In today’s electronic culture, delivery has taken on a new meaning. As Jim Ridolfo and Danielle DeVoss argue in “Composing for Recomposition,” delivery must now take audience into consideration in ways it did not have to do so before. For Cicero’s oratory, the audience was immediate and in front of the orator. For today’s electronic writing, the audience is removed from the composer in both time and space, and s/he must take that into consideration by composing pieces that will be accessible to potential readers/viewers in other countries and perhaps months or years after the original composition. In other words, it must have what Ridolfo and DeVoss call “rhetorical velocity,” the ability to be used and understood by a wide range of audiences. This new conception of delivery accounts for all of the aspects of electracy: oral, written, hybrid, and even visual texts; every kind of rhetoric is able to be used in most digital spaces, and the composer must carefully consider how best to use each one for the maximum impact on the largest possible audience. Because this notion of delivery is so audience-centered, it is rooted in Cicero’s oral tradition because it still requires that the composer deliver a product that the audience will find convincing and worthwhile. Thus, the new theory of delivery calls for an understanding of both classical and modern rhetoric.

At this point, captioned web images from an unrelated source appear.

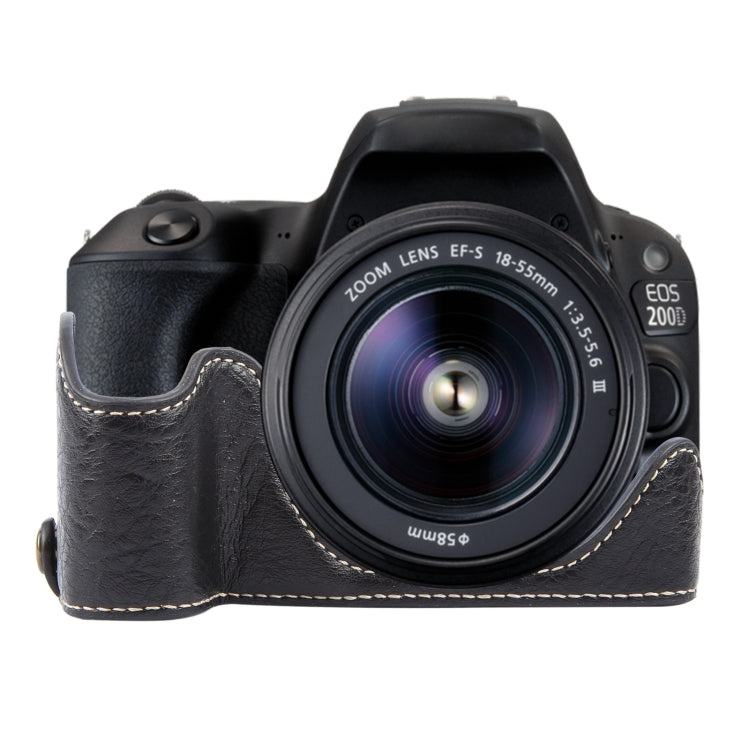For Canon EOS 200D II / 200D Buffalo Texture PU Leather Camera Half Case Base(Black) - Half Case by PMC TechLife | Online Shopping South Africa | PMC TechLife | Buy Now Pay Later Mobicred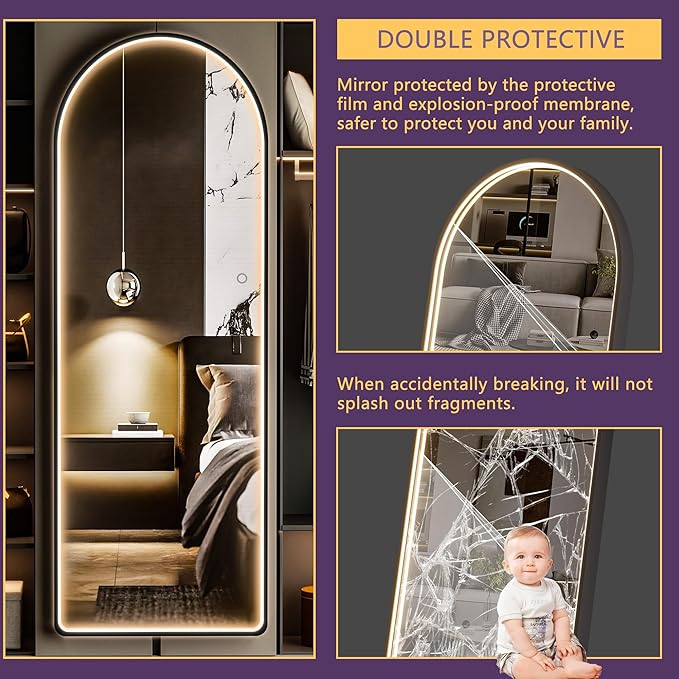 Hasipu 63" x 22" Led Mirror - Full Length, Arch Design, Wall Mounted with Dimming & 3 Color Modes-DeskLoop Office
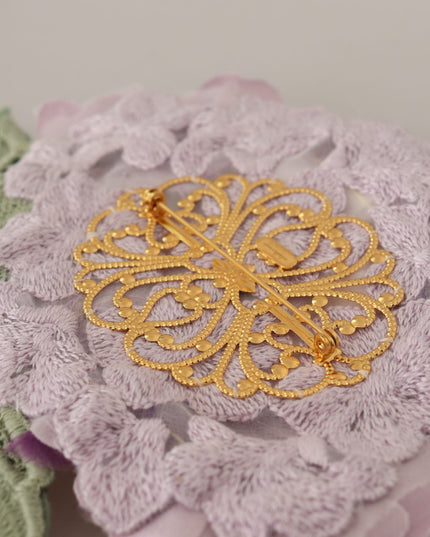 Dolce & Gabbana Purple Floral Gold Tone Brass Women Brooch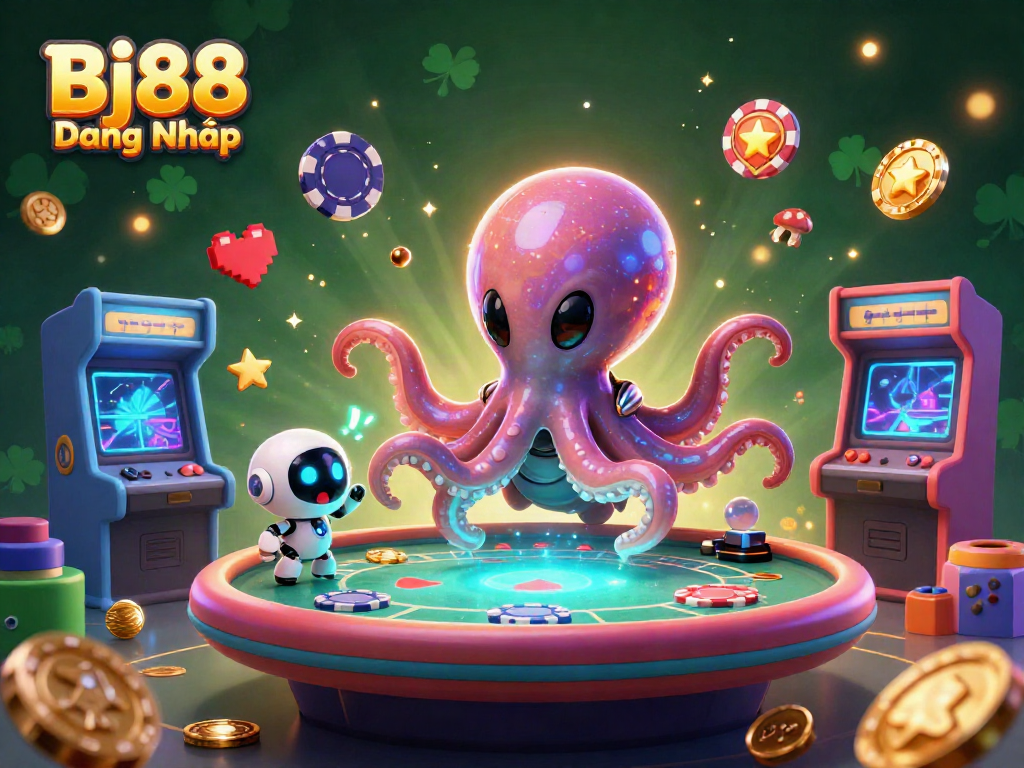 Bj88 Đăng Nhập features a vibrant 3D casino scene with an alien octopus and gaming elements in action.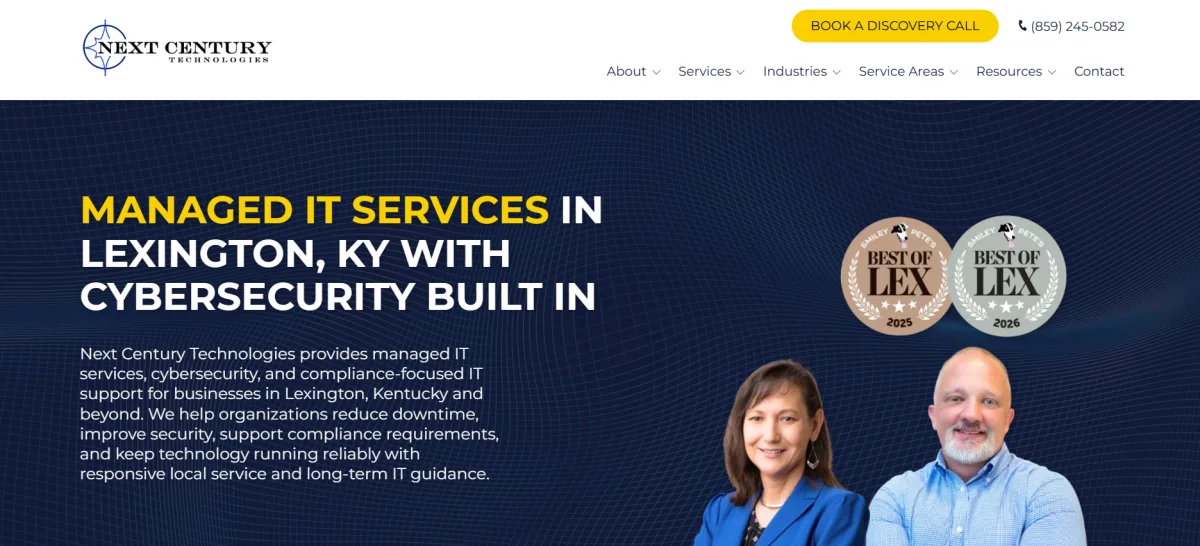 Next Century Technologies managed IT financial services Lexington KY homepage
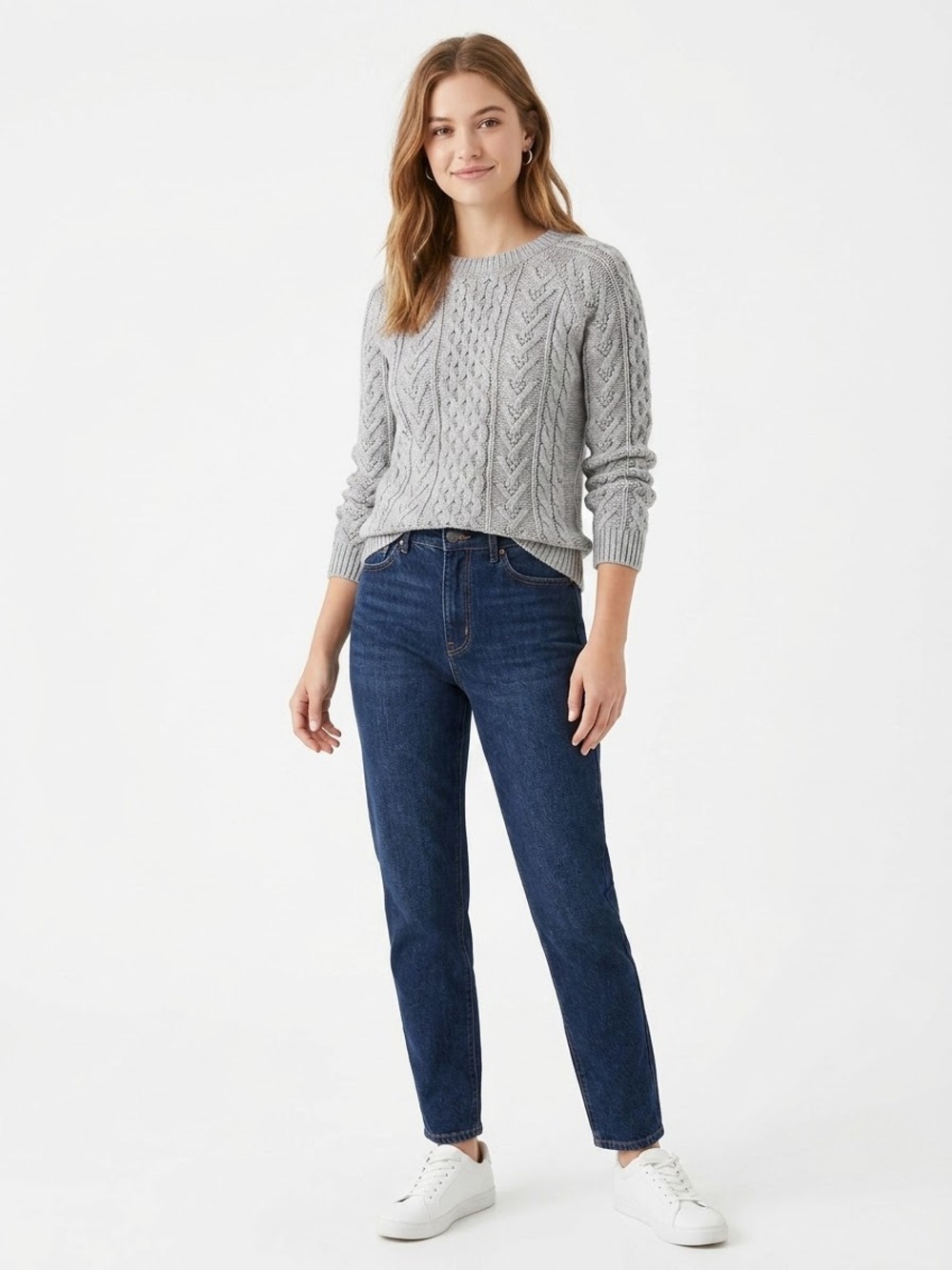 Forever 21 Gray Cable Knit Crewneck Sweater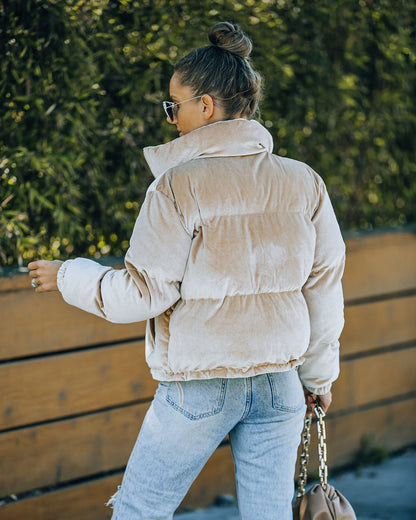 Velvet Puffer Jacket - Beige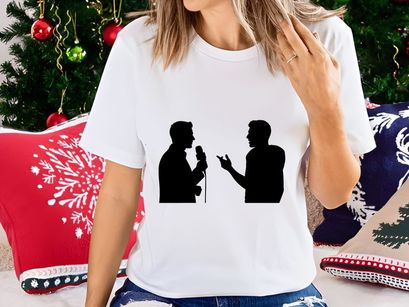 Two men communicating with a microphone and gestures in a simple silhouette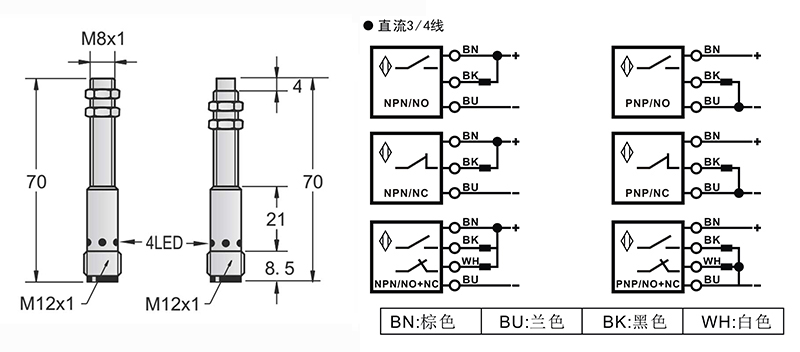 M8-M12-70mm圓柱標準型接近開關(guān)接頭式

As such, it is important that as we move forward in studying and teaching digital rhetoric and writing, we must be aware that it is rooted in both orality and literacy, and we must develop it to account for each kind of rhetoric, as well as a hybrid of the two and/or the addition of visual rhetoric. We must also teach our students how to compose in these electronic spaces so that they may be successful in today’s high-tech world or risk becoming obsolete as a field. Such pedagogy will require us to familiarize ourselves and our students with new digital genres that can blend many kinds of media in a given space. It also requires us to develop new considerations of delivery that are based in the old, and it will require even more considerations than I have space to describe here. Such theories and pedagogies require a familiarization with Ong’s secondary orality—we must acknowledge that secondary orality influences how we study, teach, and compose texts in both print and digital spaces—and Bolter’s electronic writing—we must acknowledge that such rhetoric blends traditionally oral nonlinearity while also remediating new texts composed of various oral, visual, and aural media.

  1. You have been asked to teach an upper-level undergraduate class on modern rhetoric. What texts from the reading list would you choose, and why? What theoretical approaches would you emphasize, and why? You may also refer to texts not on the list, but be sure to mention at least three that are on the list.

If I were to teach an upper-level undergraduate class on modern rhetoric, I would focus on definitions and conception of genre, specifically of genre as a social construct. Such an approach is important and interesting because it will change the way those students think of genre; most students think genre is a cookie-cutter form-based approach to writing, that it is nothing more than putting the right headers on the top of the page and using the write size of margins. But such a view of genre is limiting, nay crippling, for students. They need to see that genre is socially constructed and that it provides constraints that stabilize the rhetorical situation in order to make rhetorical choices and decisions easier. They also need to realize that the more genres they master, the more likely they are to respond correctly to new rhetorical situations. As such, the five texts I would choose to teach would be Aristotle’s Rhetoric for his conceptions of three genres, Carolyn Miller’s “Genre as Social Action” for her important redefinition of genre, Charles Bazerman’s Shaping Written Knowledge and Amy J. Devitt’s Writing Genres because they build upon Miller’s work, and Bolter’s Writing Space because it introduces the possibility for digital genres.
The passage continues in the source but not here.